When Iggy Azalea sings about trashing the hotel, she is being “fancy.” When a kid from Sandtown, Baltimore, trashes a liquor store, he is being a thug. When young people from the University of Maryland burn cars after their team wins, they are getting a bit rowdy. When young people from Sandtown burn a car, they are thugs.
I justify none of these things: neither celebrity, celebration, nor rage is a good reason to burn someone else's property. Years of abuse don't make it okay to loot a store, any more than years of rising up the ranks in Wall Street make it okay to loot the economy.
I have too much respect for the potential of the young people stuck in Sandtown to suggest that their only recourse is to steal and destroy, though I recognize that when we're enraged past our breaking point, our first reaction is generally irrational.
I said that music won't solve every problem. I'll say something similar here — it will take more than smiles and hugs to make Sandtown-Winchester a neighborhood that inspires hope, rather than despair. Filing charges against the six officers who arrested Freddie Gray for no particular reason is a start. But I hope that all of the media attention will result in concrete changes in the Sandtown-Winchesters that exist all over the country. A 16 year-old male resident of the area told Congressman Elijah Cummings that he felt he was “in a casket and can't get out.” Is this okay?
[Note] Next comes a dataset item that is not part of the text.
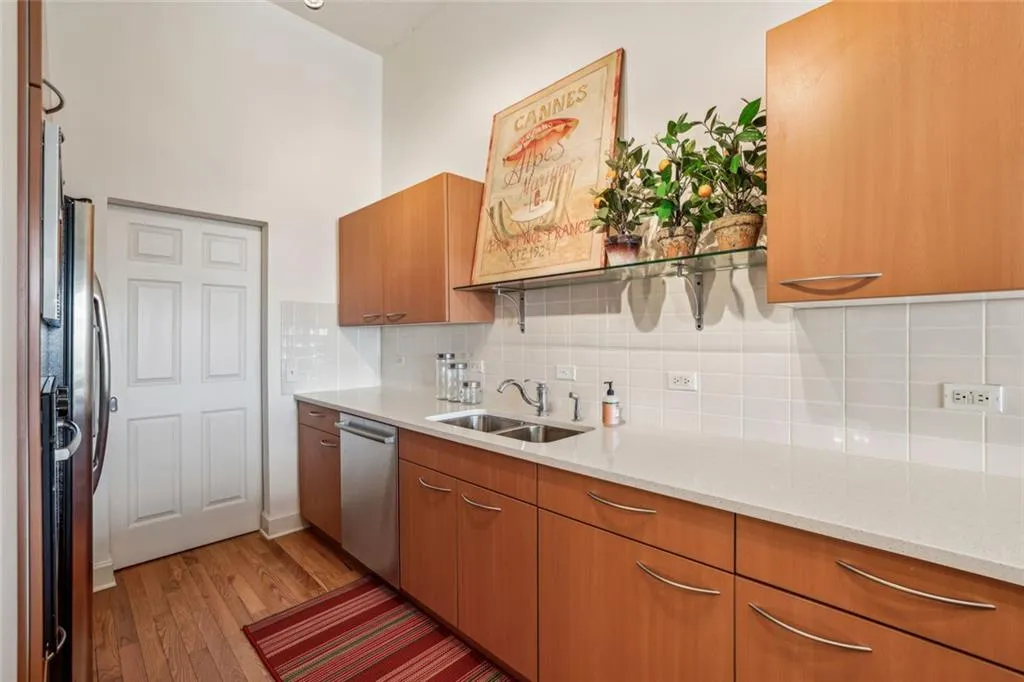 3820 Roswell Road Ne Unit 1004, Atlanta, Georgia 30342, 1 Bedroom Bedrooms, ,1 BathroomBathrooms,Residential,For Sale,3820 Roswell Road Ne Unit 1004,7631047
Lonnae O'Neal's excellent article on Sandtown suggests that this nation might be embarking on an “Urban Spring.” I hope so, but I also hope not, because we know how the Arab Spring turned out. I have no easy answers. As Jim Wallis says in his book, On God's Side, it will require a two-pronged approach: Personal responsibility for those who are currently trapped, and community responsibility so that at least the casket will be ajar.